• Dataset:
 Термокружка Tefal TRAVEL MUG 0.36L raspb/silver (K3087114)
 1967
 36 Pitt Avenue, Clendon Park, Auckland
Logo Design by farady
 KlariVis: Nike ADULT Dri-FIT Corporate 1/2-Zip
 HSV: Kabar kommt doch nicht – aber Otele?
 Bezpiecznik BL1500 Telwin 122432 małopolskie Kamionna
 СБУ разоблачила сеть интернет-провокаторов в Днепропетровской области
* * *
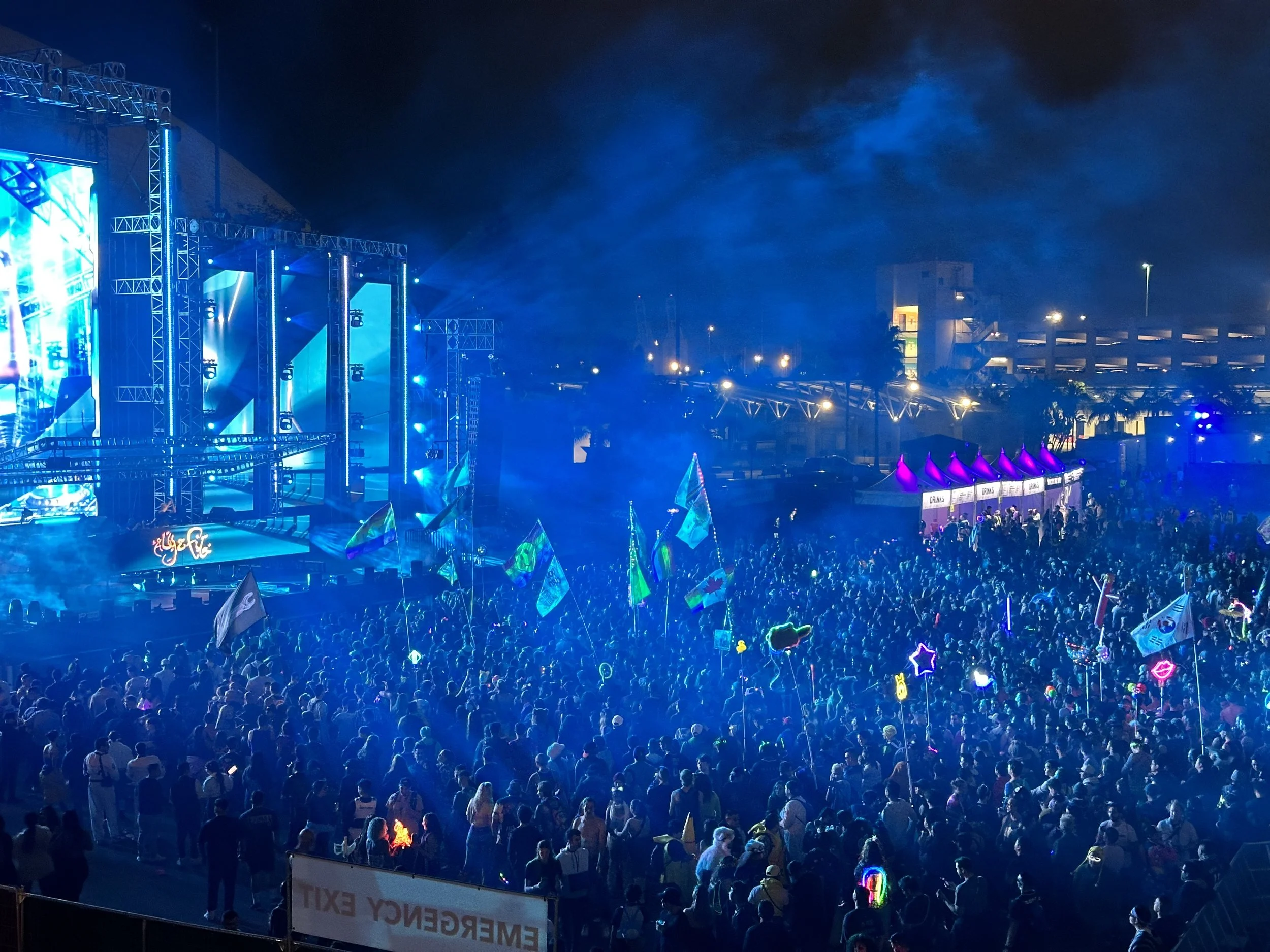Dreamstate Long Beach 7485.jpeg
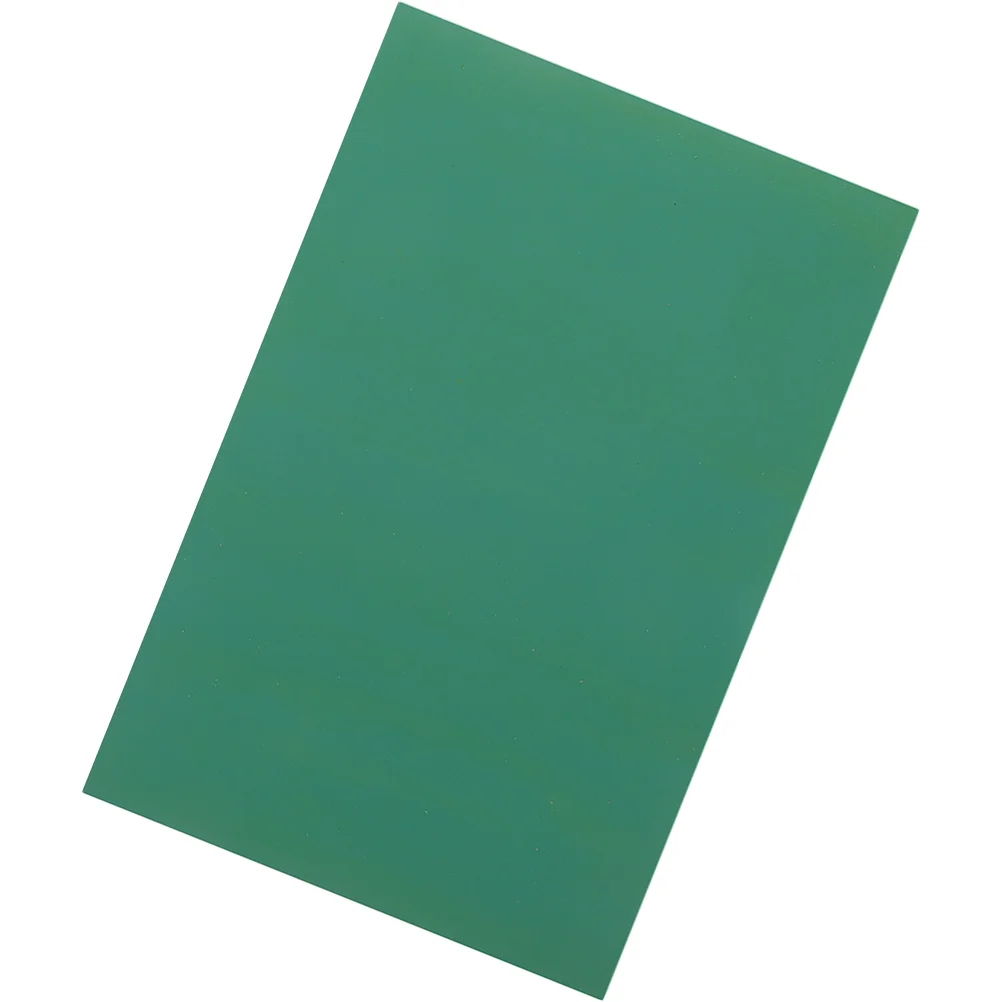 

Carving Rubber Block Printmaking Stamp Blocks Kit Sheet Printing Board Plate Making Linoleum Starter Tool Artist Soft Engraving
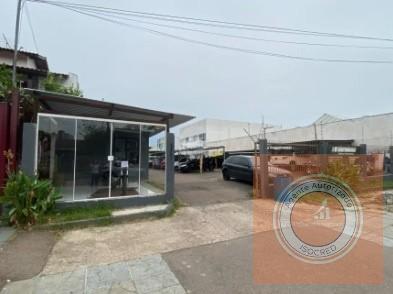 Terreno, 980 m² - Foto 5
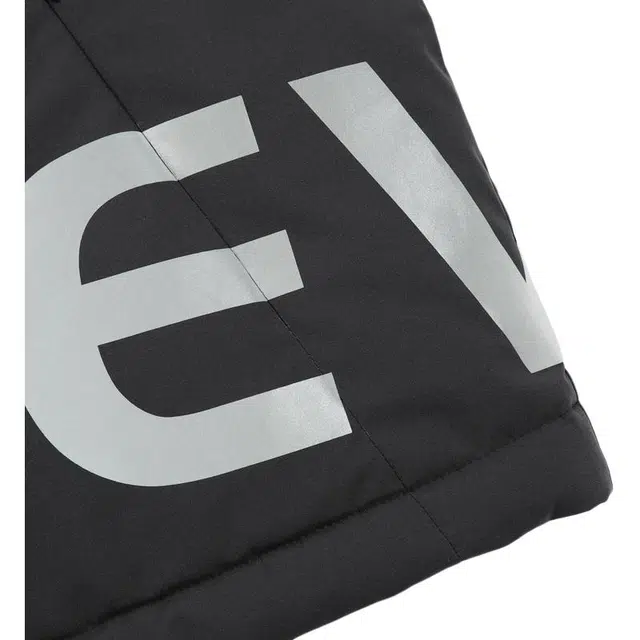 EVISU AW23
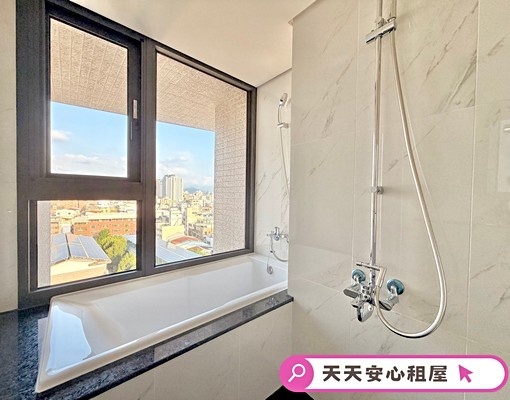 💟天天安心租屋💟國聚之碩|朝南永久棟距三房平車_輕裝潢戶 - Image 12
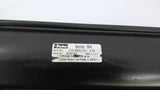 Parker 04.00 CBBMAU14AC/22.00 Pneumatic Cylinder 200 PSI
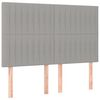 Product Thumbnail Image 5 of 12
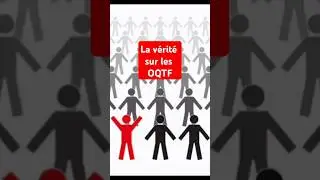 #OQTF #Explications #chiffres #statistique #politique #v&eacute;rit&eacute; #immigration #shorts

• Aim of the exercise: From the records above, give again only the part that opens with the line containing "Parker 04.00 CBBMAU14AC/22.00" and closes with the line containing "#OQTF #Explications #chiffres". Keep both ends but drop the pictures.

• Exercise result:
 Parker 04.00 CBBMAU14AC/22.00 Pneumatic Cylinder 200 PSI
 Product Thumbnail Image 5 of 12
 #OQTF #Explications #chiffres #statistique #politique #v&eacute;rit&eacute; #immigration #shorts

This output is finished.